> **THE DATA**

--- START ---

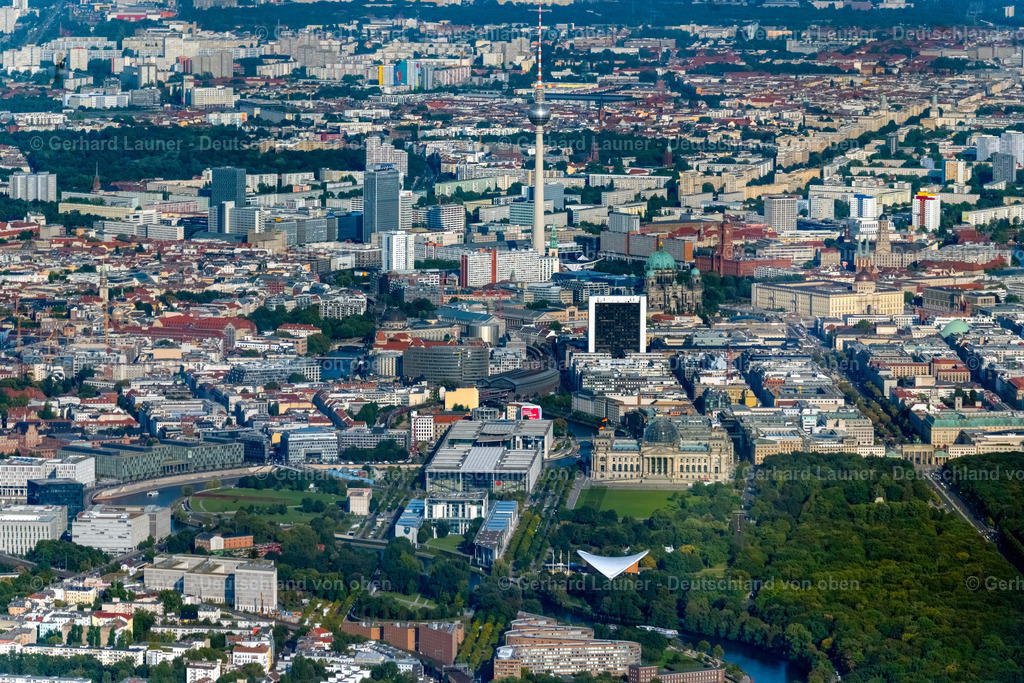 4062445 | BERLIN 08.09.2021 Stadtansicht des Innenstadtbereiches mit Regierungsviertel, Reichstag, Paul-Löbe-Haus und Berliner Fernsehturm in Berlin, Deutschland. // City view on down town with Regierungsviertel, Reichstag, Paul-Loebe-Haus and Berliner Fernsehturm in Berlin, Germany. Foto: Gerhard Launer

--- END ---
--- START ---

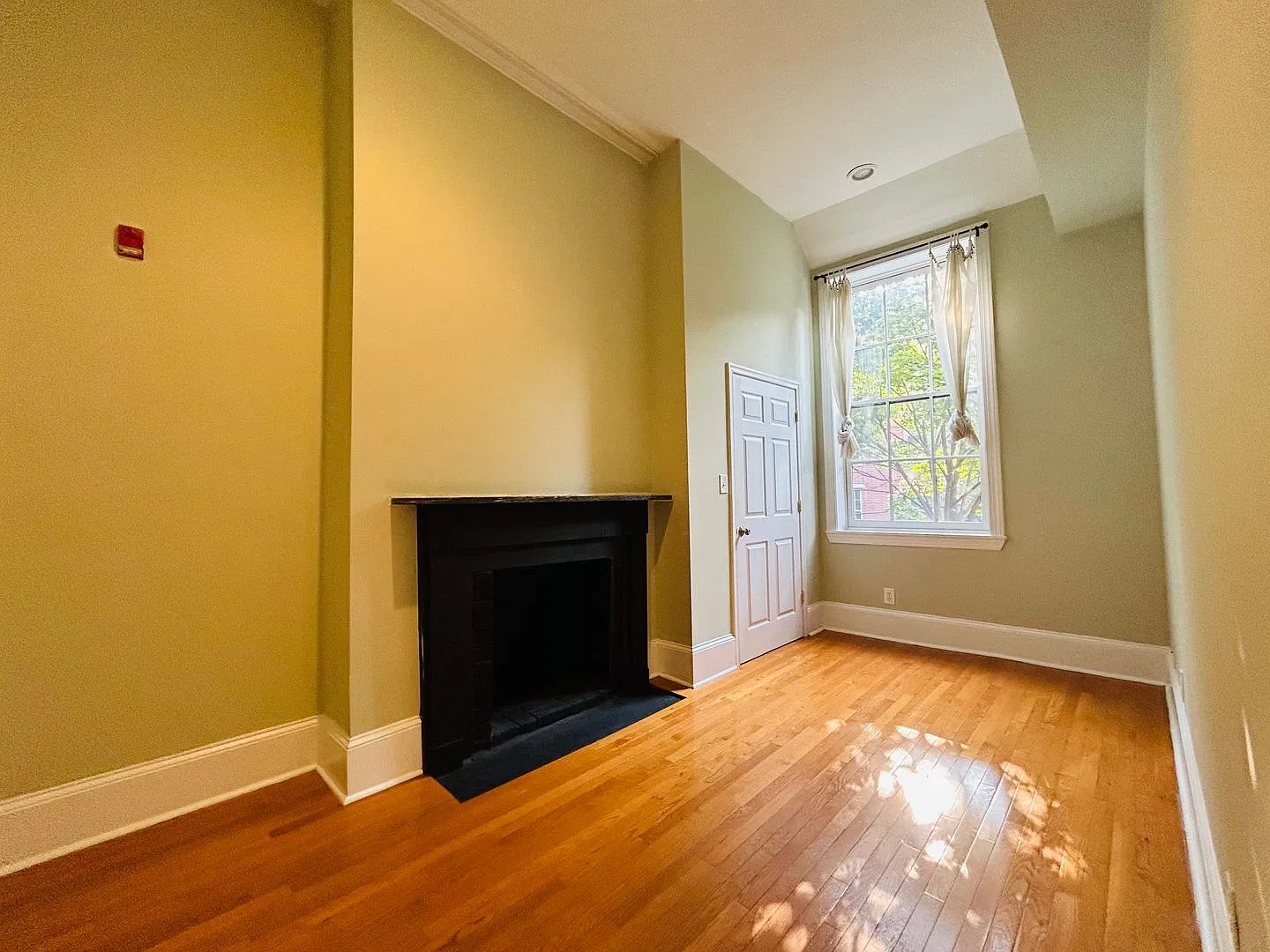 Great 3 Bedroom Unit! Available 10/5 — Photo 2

--- END ---
--- START ---

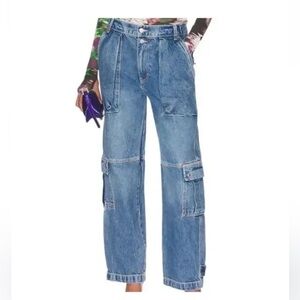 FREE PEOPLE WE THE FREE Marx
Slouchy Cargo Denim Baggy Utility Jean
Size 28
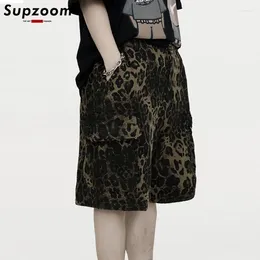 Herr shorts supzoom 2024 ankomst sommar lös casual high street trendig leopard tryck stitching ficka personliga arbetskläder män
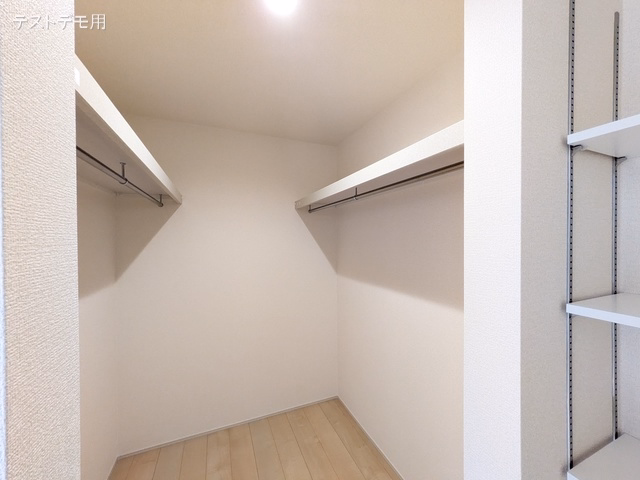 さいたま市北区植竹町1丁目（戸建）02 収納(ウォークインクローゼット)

--- END ---

> **WORK INSTRUCTION**
To complete this exercise, transcribe exactly the lines above from the one that holds "Herr shorts supzoom" through the one that holds "さいたま市北区植竹町1丁目（戸建）02 収納(ウォークインクローゼット)". Pictures stay out.

> **TASK ANSWER**
 Herr shorts supzoom 2024 ankomst sommar lös casual high street trendig leopard tryck stitching ficka personliga arbetskläder män
 さいたま市北区植竹町1丁目（戸建）02 収納(ウォークインクローゼット)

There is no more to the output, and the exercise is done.